Werner Plumpe, Wirtschaftshistoriker aus Frankfurt, hat beim Neujahrsempfang des Verbandes der Wohnungswirtschaft Niedersachsen-Bremen (vdw) einen interessanten Versuch der Einordnung der gegenwärtigen Wirtschaftslage in einen historischen Kontext unternommen. Dabei wagte er die interessante These, dass die Bundesrepublik ihn „an die Lage in der späten DDR“ erinnere. Man leiste sich einen Staat, dessen Wirtschaft die nötigen Einnahmen nicht mehr bereitstellen könnte.

Zwar sei die Staatsverschuldung nicht dramatisch, aber es werde auch nicht erkennbar, wie man sich davon lösen wolle. In früheren Krisenzeiten wie 1923 oder 1948 habe eine radikale Währungsreform geholfen, ein Aufbruchssignal zu senden. Daran sei heute nicht zu denken. Aus seiner Sicht könne ein „aufgeblähter Staat“ wie die Bundesrepublik mit hohen Sozialausgaben und noch mehr geplanten Sozialausgaben (Bürgergeld und Kindergrundsicherung) nicht mehr als „starker Staat“ verstanden werden. Nun sei das Modell eines „schlanken Staates“ auch nicht erstrebenswert, sobald dort soziale Verwerfungen drohen.

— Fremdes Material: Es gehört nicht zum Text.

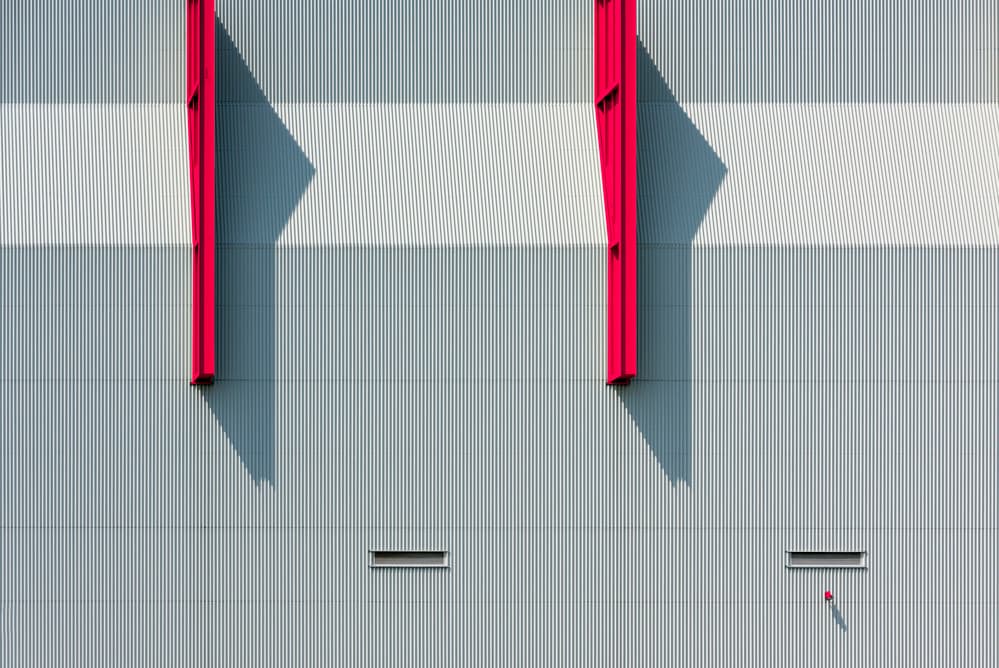 Geometric Red Facade by Greetje van Son — canvas wall art
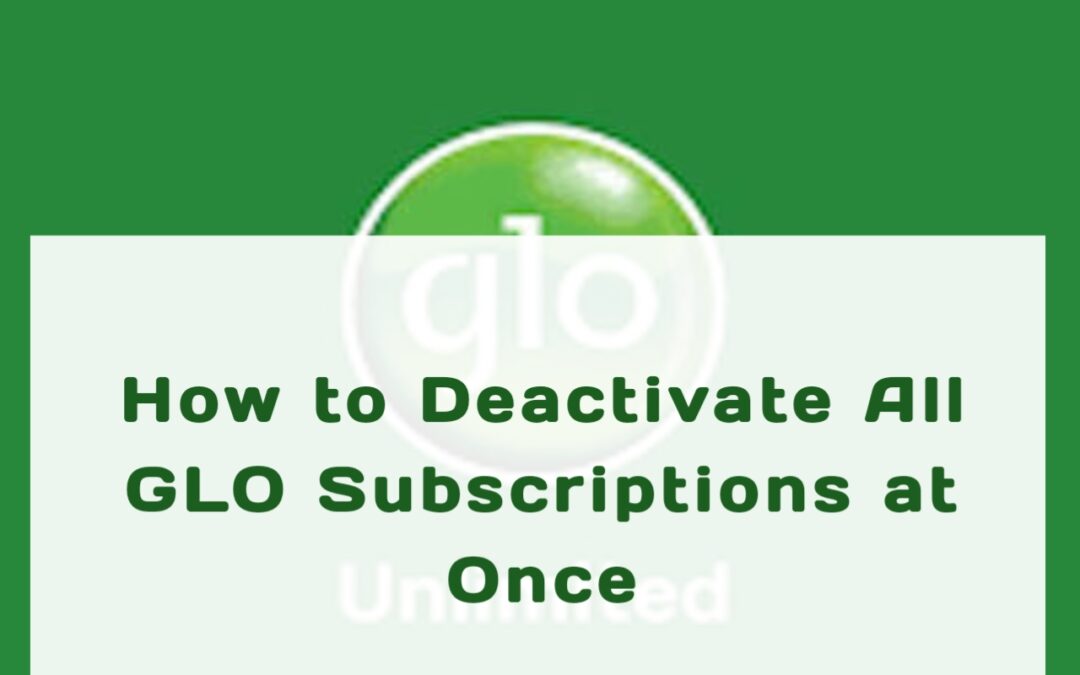 How to Deactivate All GLO Subscriptions at Once img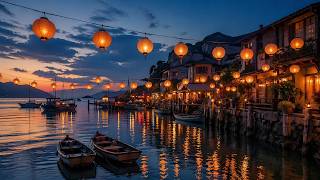 Paper Lantern Harbor   Gentle Asian Fusion Background Music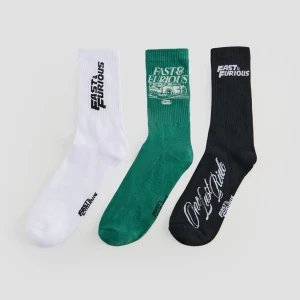 Długie skarpetki Fast & Furious 3-pak House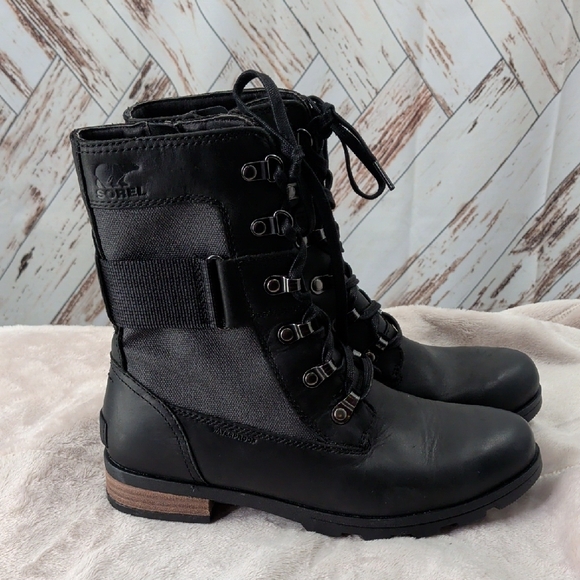 Sorel Shoes - Sorel Emelie Conquest in Black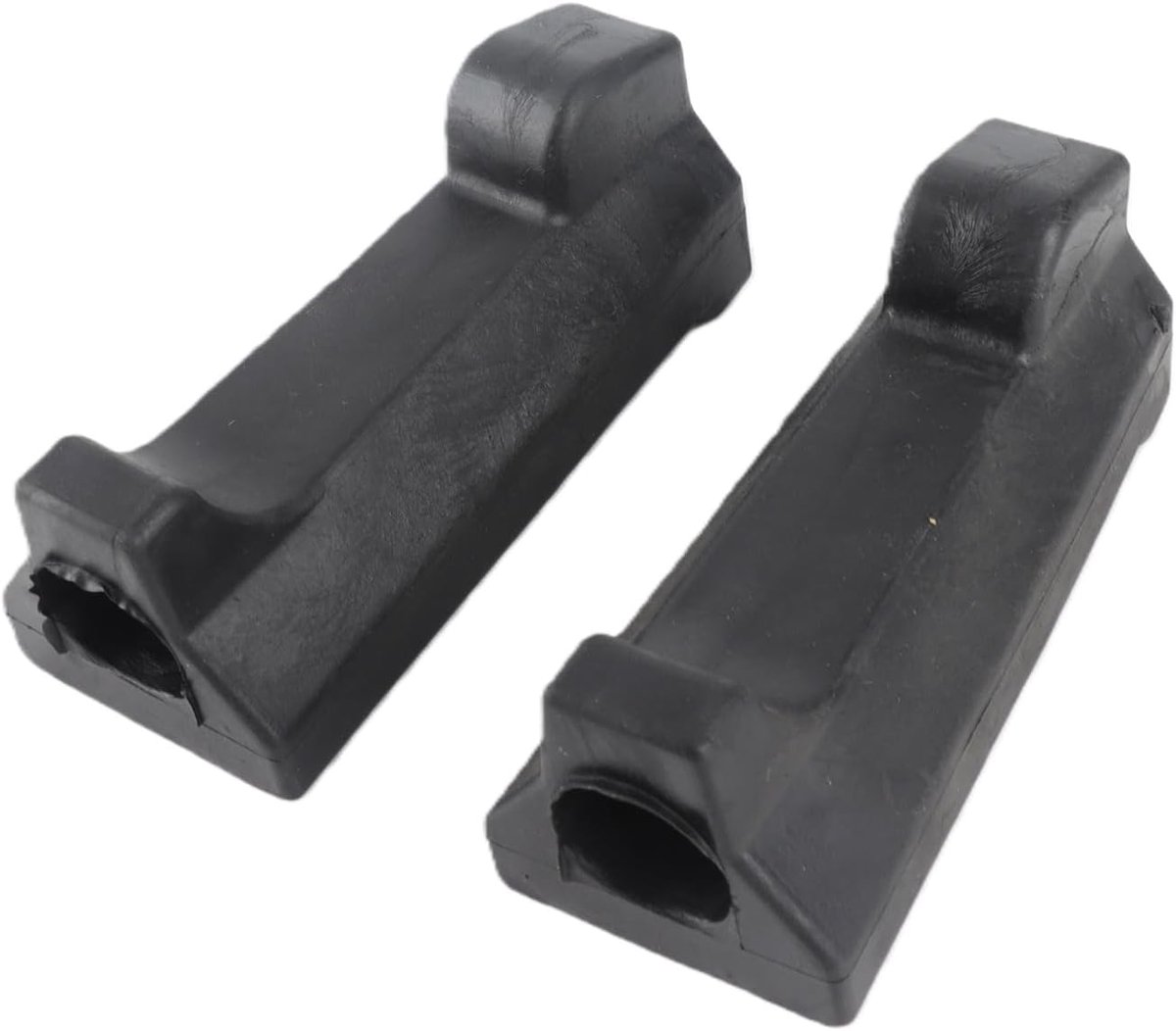 Voetsteunen Motorfiets - Treeplanken Rubber - Comfortabel Rijden - Antislip Anti-vibratie - Directe Pasvorm - Zwart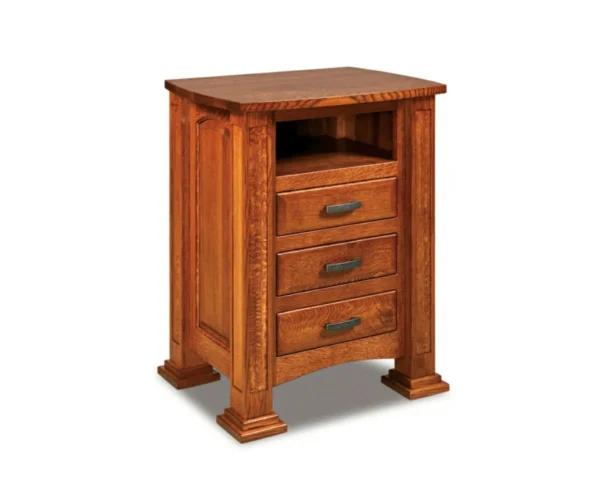 Lexington 3 Drawer Nightstand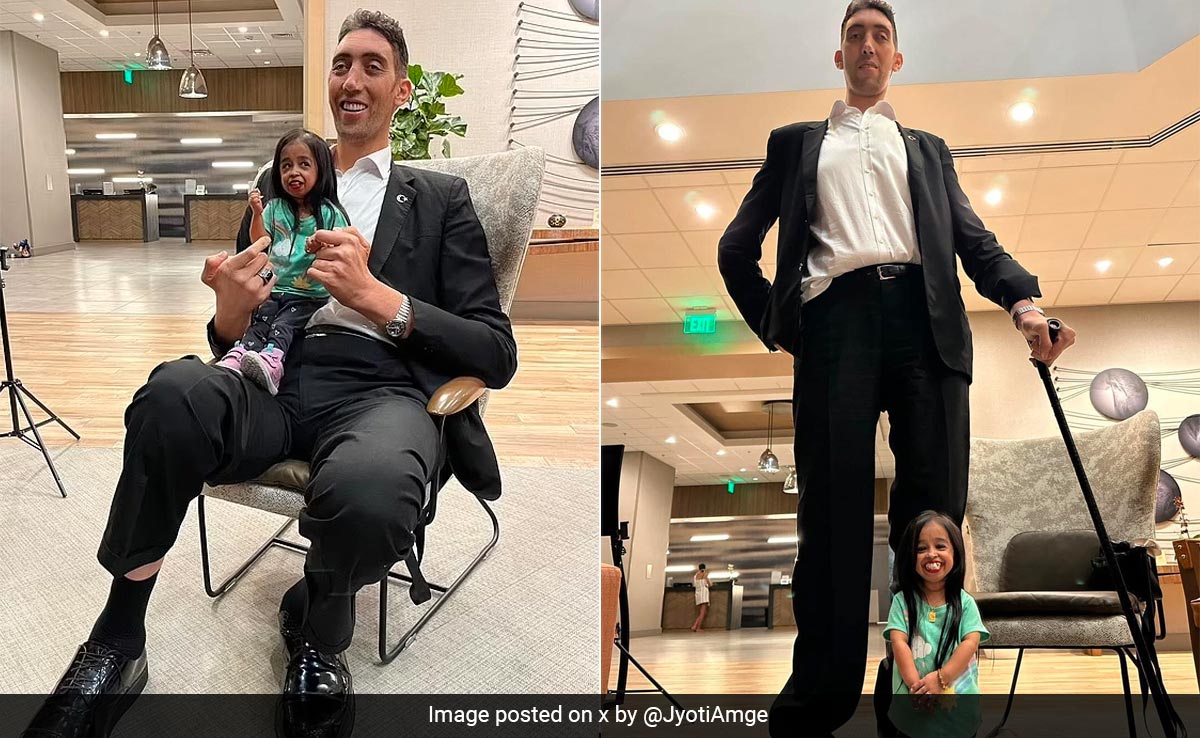 World's Tallest Man And Shortest Woman Reunite After 6 Years In US, See ...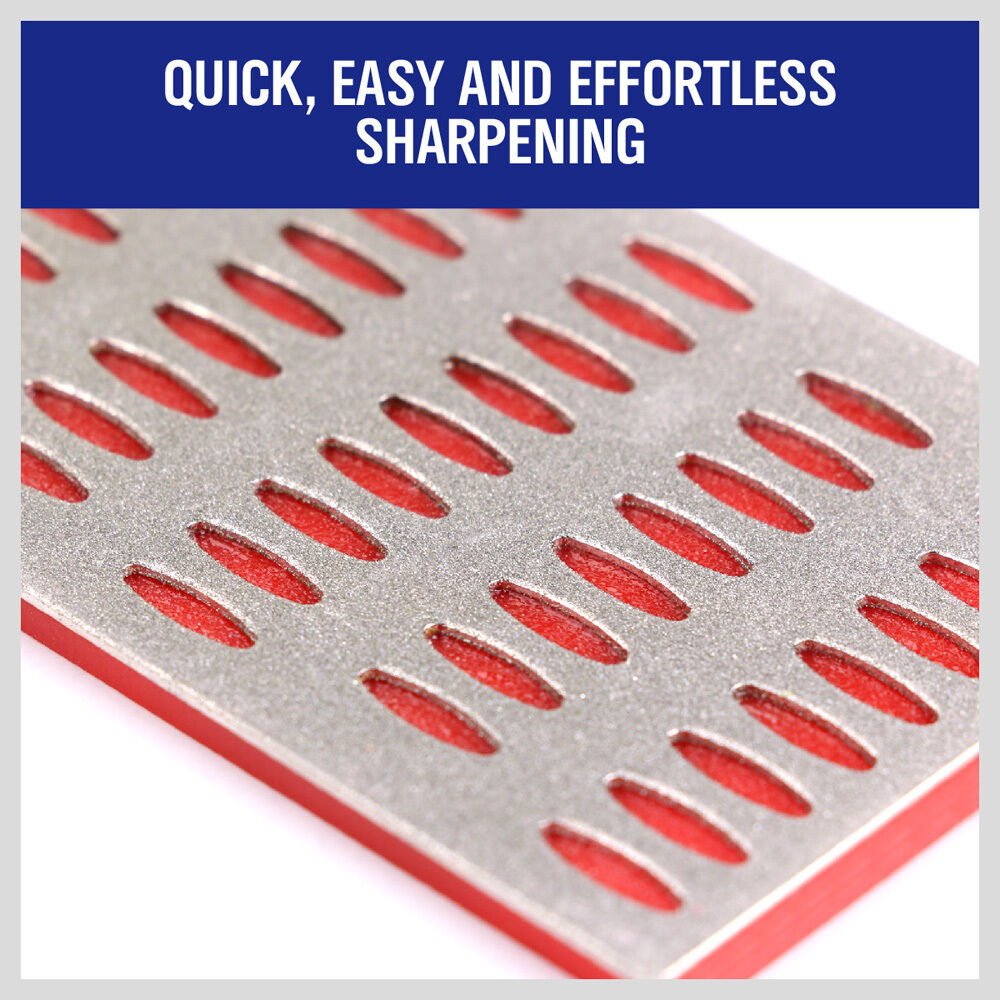 3Pack Diamond Sharpening Stone Whetstone Sharpener Scissors Knife With 3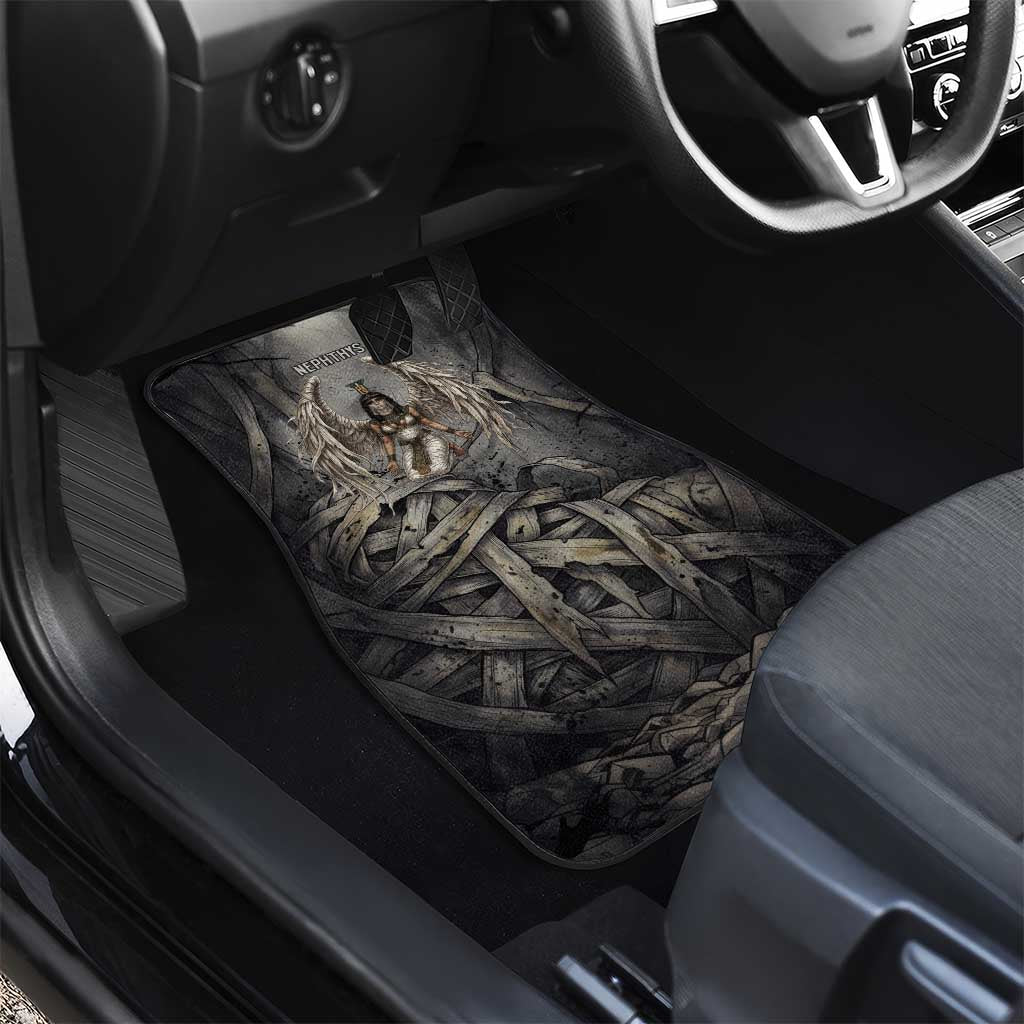 Nephthys Car Mats Mistress of the House Egyptian Goddess Wings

Deutschland sei auch deshalb im europäischen Vergleich abgerutscht, da frühere vorhandene Voraussetzungen für eine intakte und wettbewerbsfähige Wirtschaft inzwischen verloren gegangen seien – die kostengünstigen Energiequellen, der unproblematische Zugang von Fachkräften aus dem Ausland und die gewohnte schnelle Anpassung an neue Verhältnisse. Laut Plumpe zeigen sich in der Bundesrepublik jetzt auch die Ergebnisse langfristiger Versäumnisse. Die Produktivität hierzulande sei seit Mitte der neunziger Jahre zurückgegangen – wegen fehlender Innovationen und nachlassender Privatinitiativen.